On Sunday, in prime "business time" for General Synod, the electronic clickers that were to serve our discernment on important issues malfunctioned. In that space, a person rose to ask that the body utilize private ballots for two key votes -- the election of the General Minister and President and the Bylaws/Constitution revision.
For me, the use of electronic clickers has always been problematic and this request to target certain votes for private contemplation even more so. If we are about seeking the will of the spirit, which is true congregational polity rather than democratic practice, then both clickers and private paper ballots should be set aside for voice vote, embodied expression and open process! In our local churches, private paper ballots are often suggested for big votes, like taking an ONA stance or calling a pastor. As Conference staff, we often discourage this practice because it encourages suspicion rather than trust and deprives the community from practicing true discernment. When we are not willing to be seen or give voice to our prayerful thoughts near our neighbor, we withdraw from being conversation partners to acting in silos.

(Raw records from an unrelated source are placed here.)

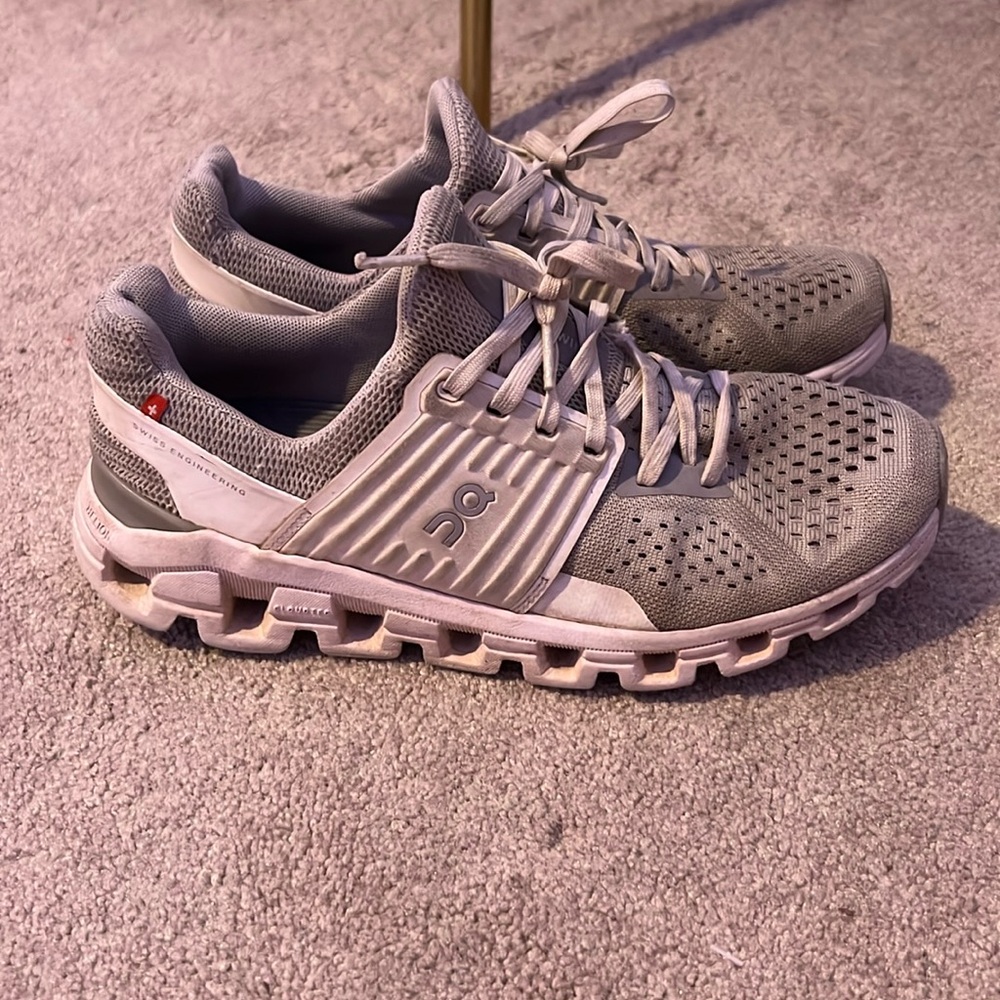 Grey women's on cloud running shoes.  These are used but in good condition.
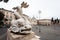 A view of Ancient fish sculpture on the Fontana del Nettuno fountain in Piazza del Popolo People`s Square, Rome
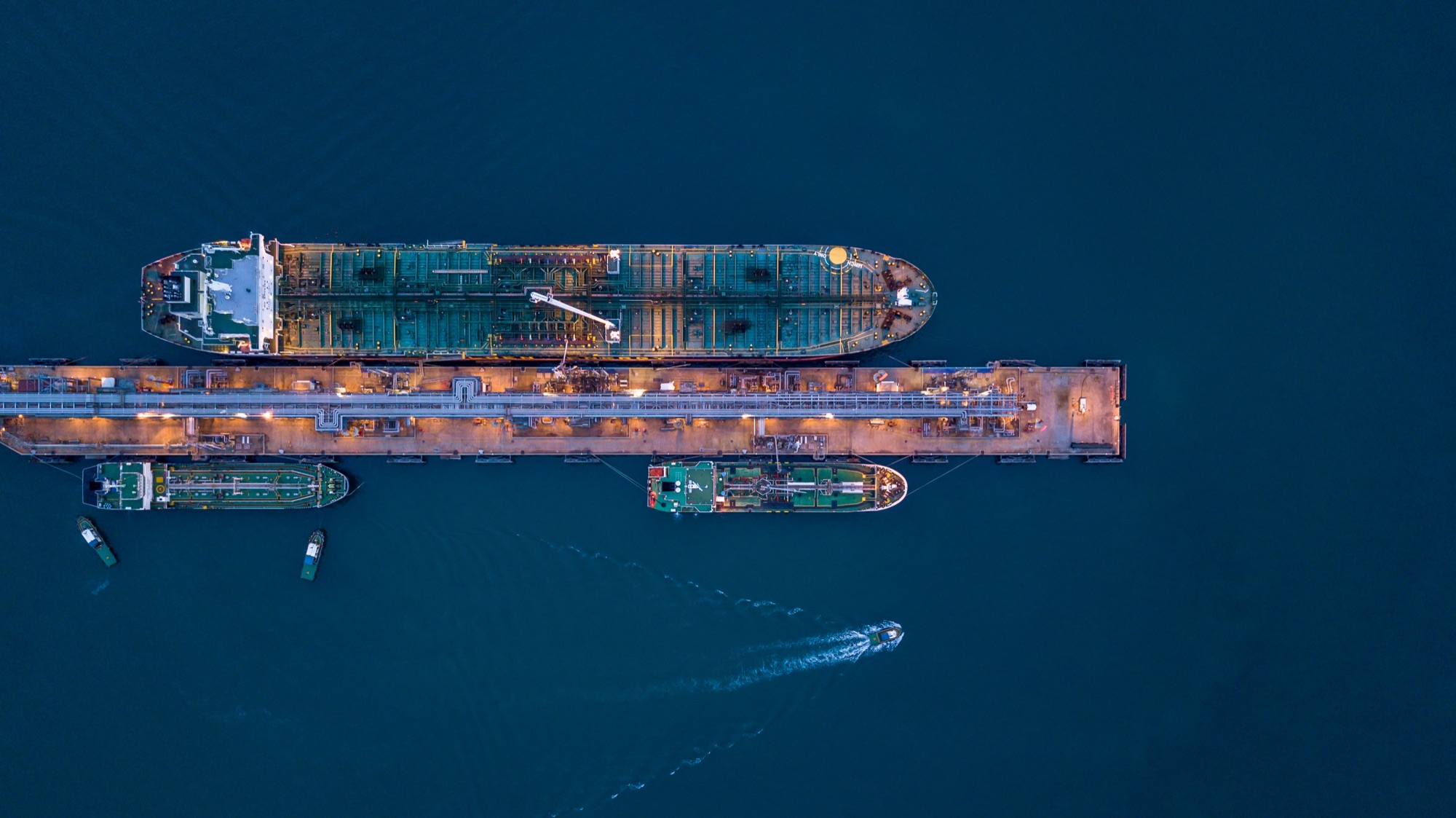 Aerial view of a crude oil tanker berthed at a marine terminal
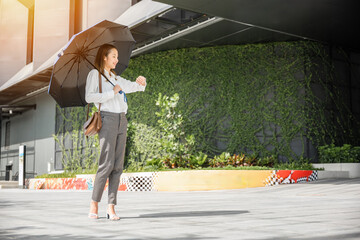 In hot weather, a young businesswoman uses an umbrella on her way to the office, checking the time...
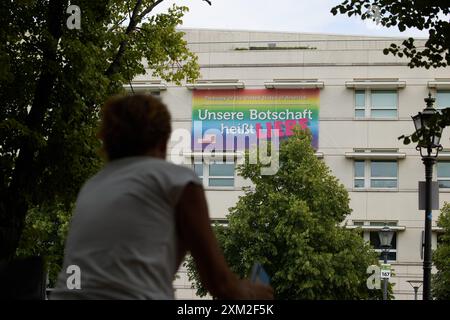 Berlin, Deutschland. Juli 2024. Zum Christopher Street Day (CSD) an diesem Wochenende wurde eine Regenbogenfahne mit den Worten „unsere Botschaft ist Liebe“ auf der US-Botschaft in der Ebertstraße platziert. Quelle: Jörg Carstensen/dpa/Alamy Live News Stockfoto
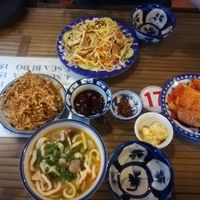Vegan udon noodle soup, fried jackfruit with sesame, fried noodles and tofu with tomato sauce at Lien Hoa in Hue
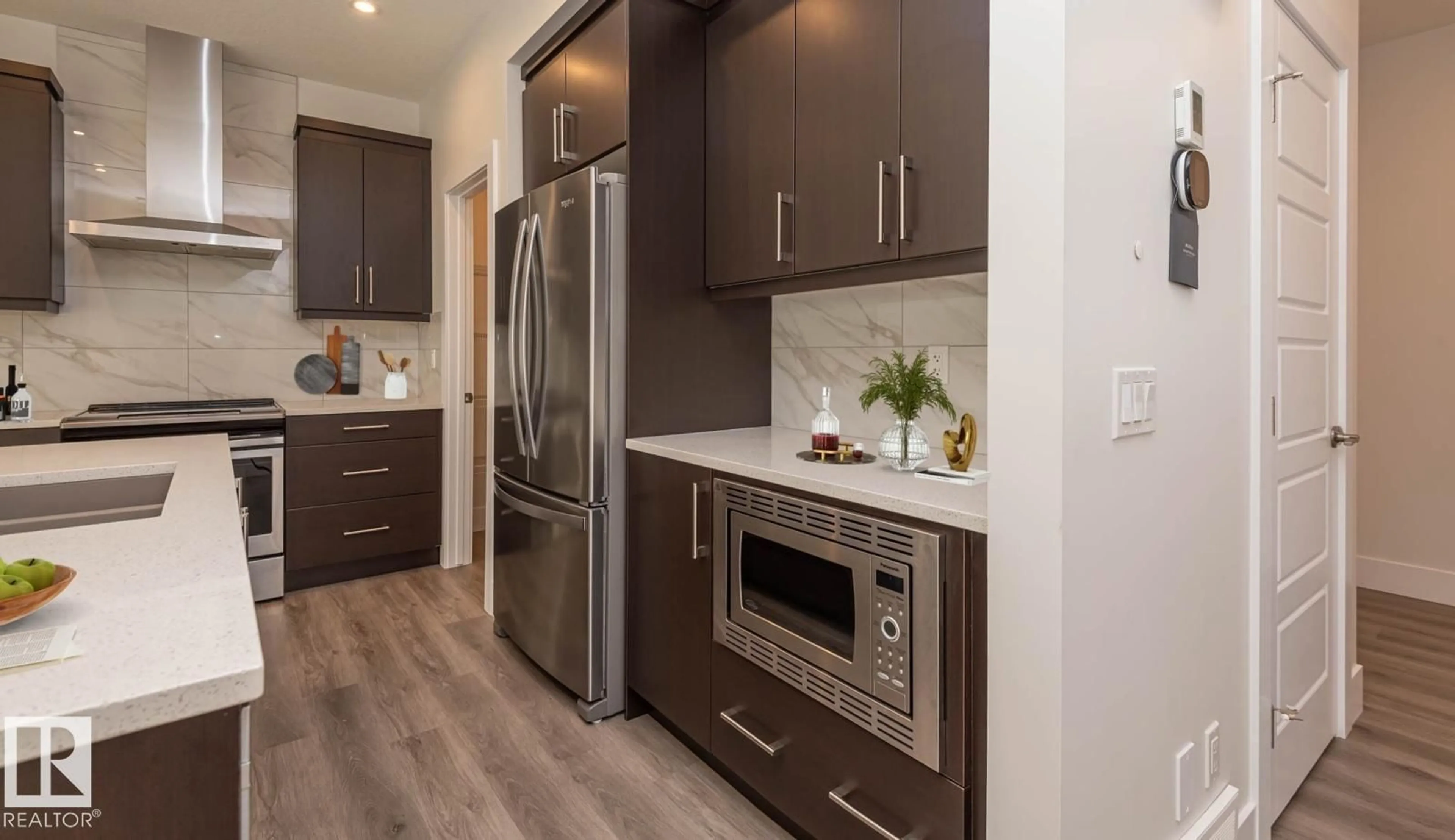 Contemporary kitchen, wood/laminate floor for 2635 DONAGHEY CR, Edmonton Alberta T6W4T1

If we are serious about being a church on the forefront of justice and multiculturalism, we must create communities that can speak openly and respectfully even when we disagree. Sometimes we need to risk taking a visible stand for the greater good. One of the most spirit-filled moments I have experienced in the UCC was the silent prayer before the marriage equality vote at the General Synod in 2005. After that prayer and the call for discernment, a powerful image remains in my heart -- raised paper voting cards that moved us to speak to our churches and to society in a prophetic way. Praise God for where we stand today after that vote -- a visible vote and stand, that while not unanimous, was exercised in prayerful reflection and seeking the Spirit's movement. Communal discernment is our gift to the church and it is best exercised in the open.